Bindewald Eckart, Shapiro Bruce A
Basic Research Program, SAIC-Frederick, Inc, National Cancer Institute-Frederick, MD 21702, USA.
RNA. 2006 Mar;12(3):342-52. doi: 10.1261/rna.2164906.
We present a machine learning method (a hierarchical network of k-nearest neighbor classifiers) that uses an RNA sequence alignment in order to predict a consensus RNA secondary structure.

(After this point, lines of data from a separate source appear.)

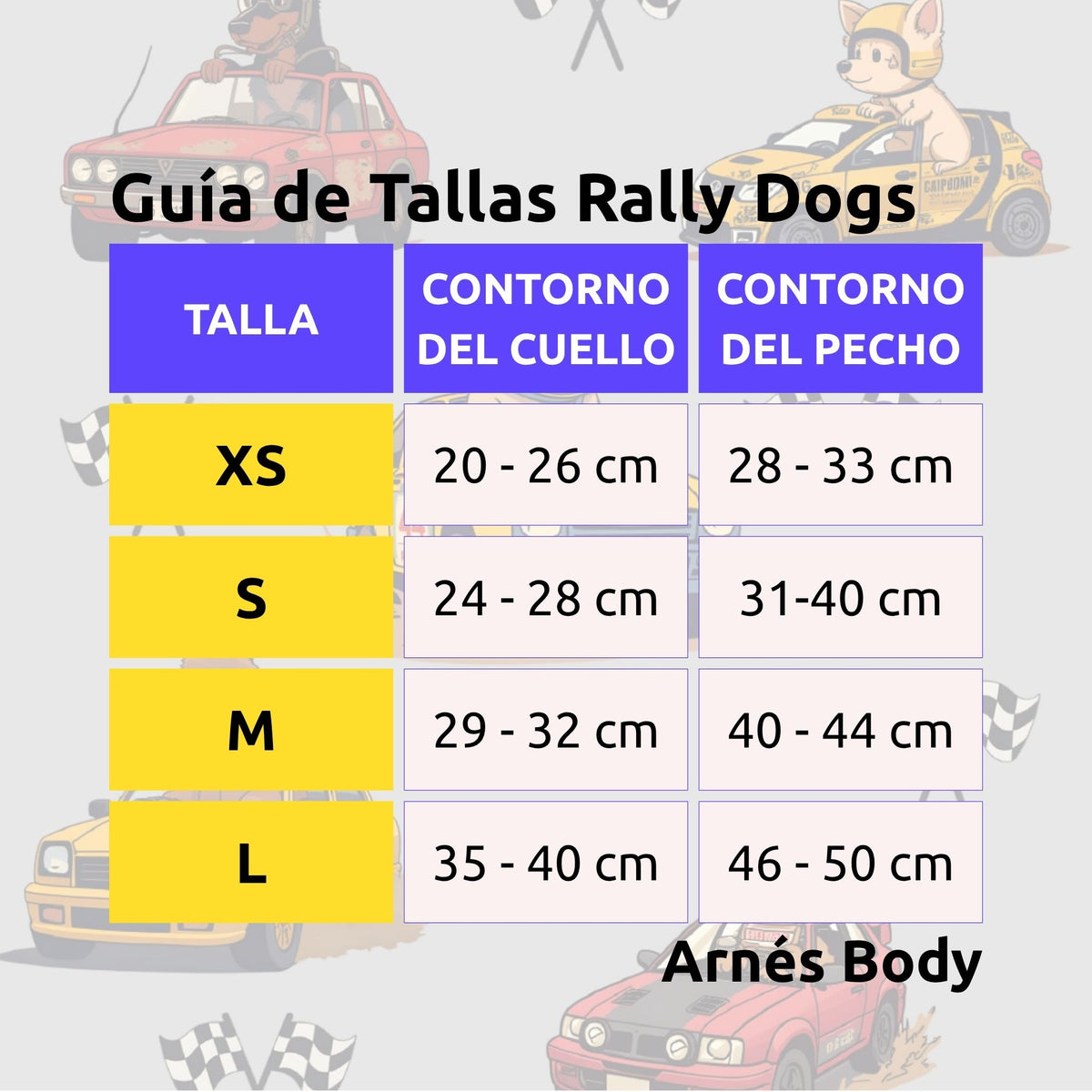 Pack Ahorro Arnés  Body para perro + Correa + Porta Bolsas Rally Dogs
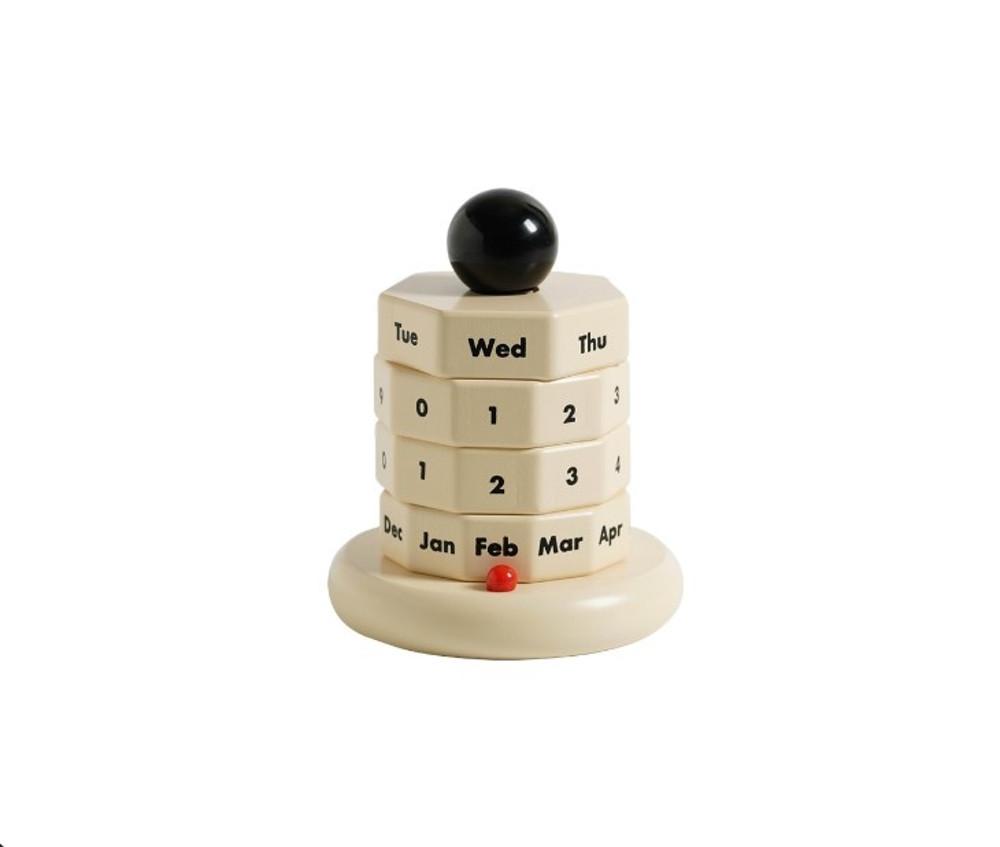 미드센츄리 캘린더 회전식 레트로 만년달력 아이들 숫자놀이 집들이 선물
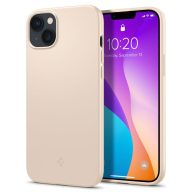   Apple iPhone 14 Plus, Műanyag hátlap védőtok, Spigen Thin Fit, homok-beige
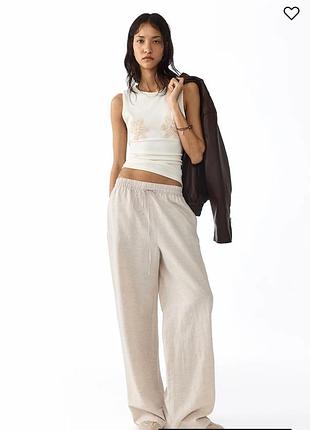 Льняные брюки от h&amp;m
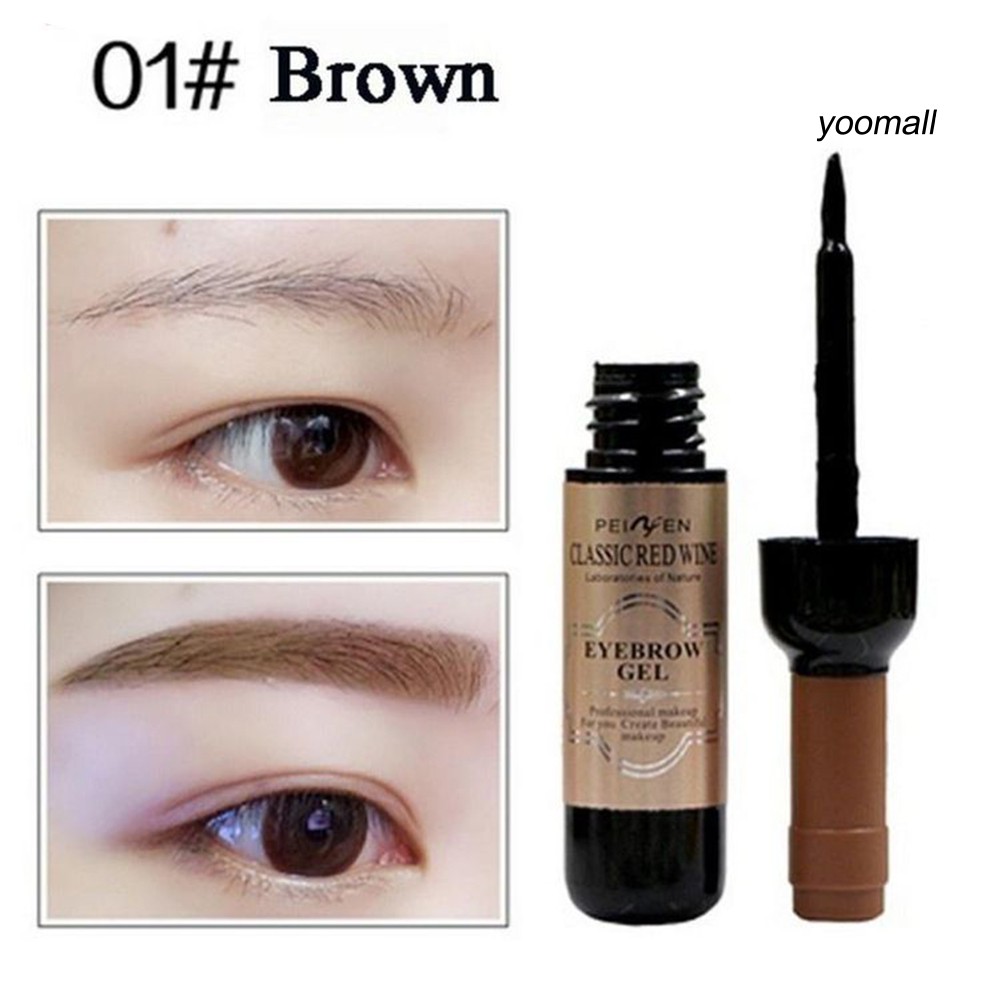 [Hàng mới về] Gel Nhuộm Lông Mày Dạng Lột Thiết Kế Hình Chai Rượu Vang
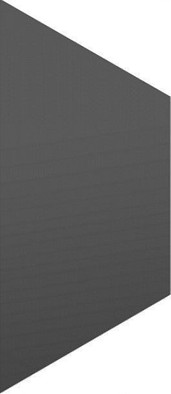 Керамогранит Trapezium Floor R9 Graphite Matt 9,8x23 напольный глазурованный, матовый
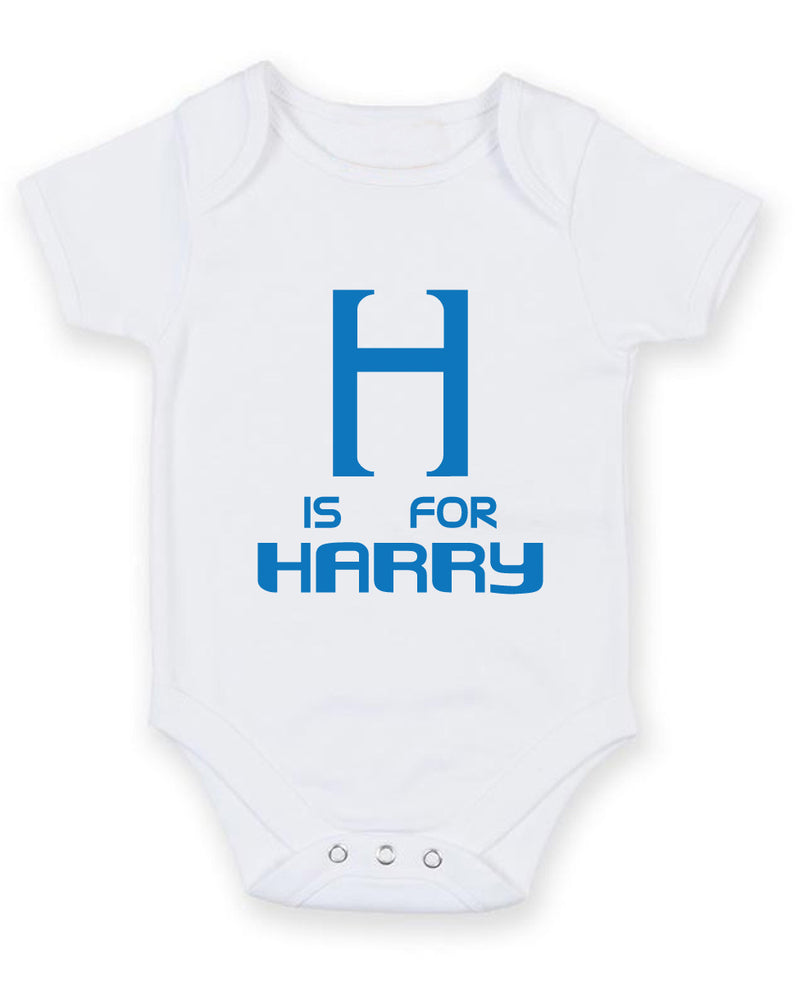 Initial and Name Baby Grow Bodysuit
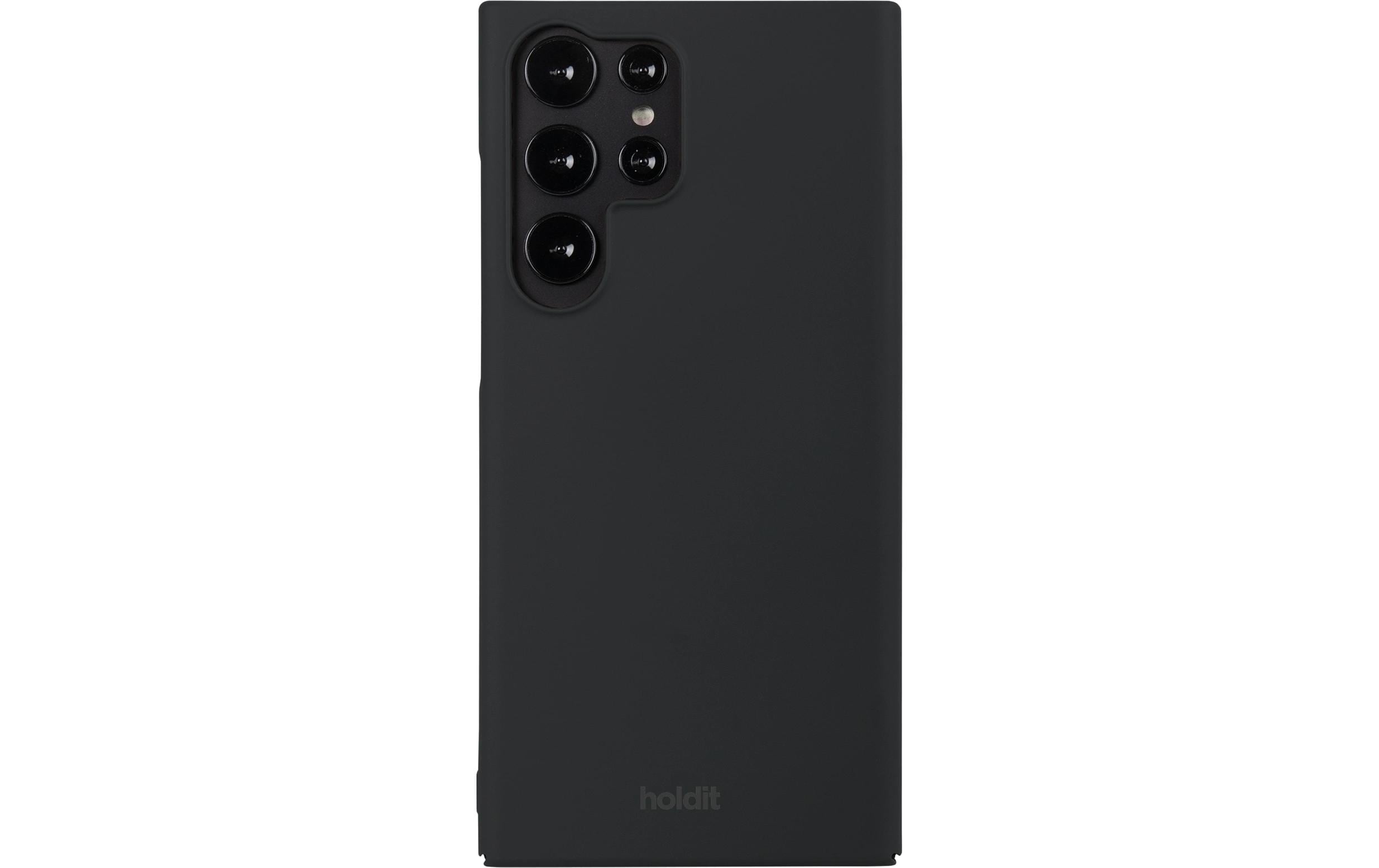 Holdit Back Cover Silicone Galaxy S24 Ultra Schwarz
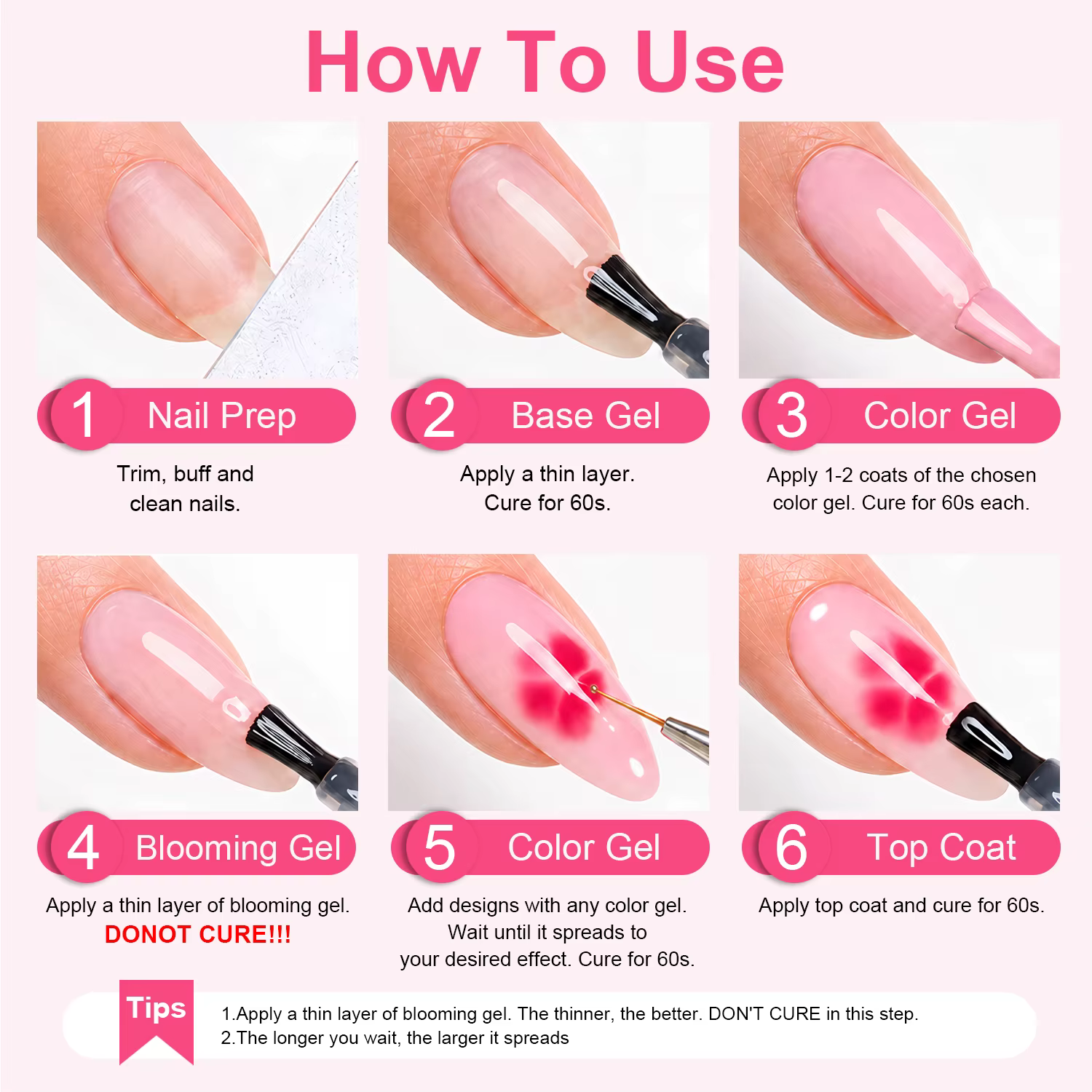 Gel fleuri pour ongles de 15ml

The input to the network is the mutual information, the fraction of complementary nucleotides, and a novel consensus RNAfold secondary structure prediction of a pair of alignment columns and its nearest neighbors. Given this input, the network computes a prediction as to whether a particular pair of alignment columns corresponds to a base pair. By using a comprehensive test set of 49 RFAM alignments, the program KNetFold achieves an average Matthews correlation coefficient of 0.81. This is a significant improvement compared with the secondary structure prediction methods PFOLD and RNAalifold. By using the example of archaeal RNase P, we show that the program can also predict pseudoknot interactions.
我们提出了一种机器学习方法(k近邻分类器的层次网络),该方法使用RNA序列比对来预测共有RNA二级结构。网络的输入是互信息、互补核苷酸的比例,以及一对比对列及其最近邻的新型共有RNAfold二级结构预测。基于这些输入,网络计算关于特定比对列对是否对应碱基对的预测。通过使用包含49个RFAM比对的综合测试集,程序KNetFold实现了平均马修斯相关系数为0.81。与二级结构预测方法PFOLD和RNAalifold相比,这是一个显著的改进。通过古细菌RNase P的例子,我们表明该程序还可以预测假结相互作用。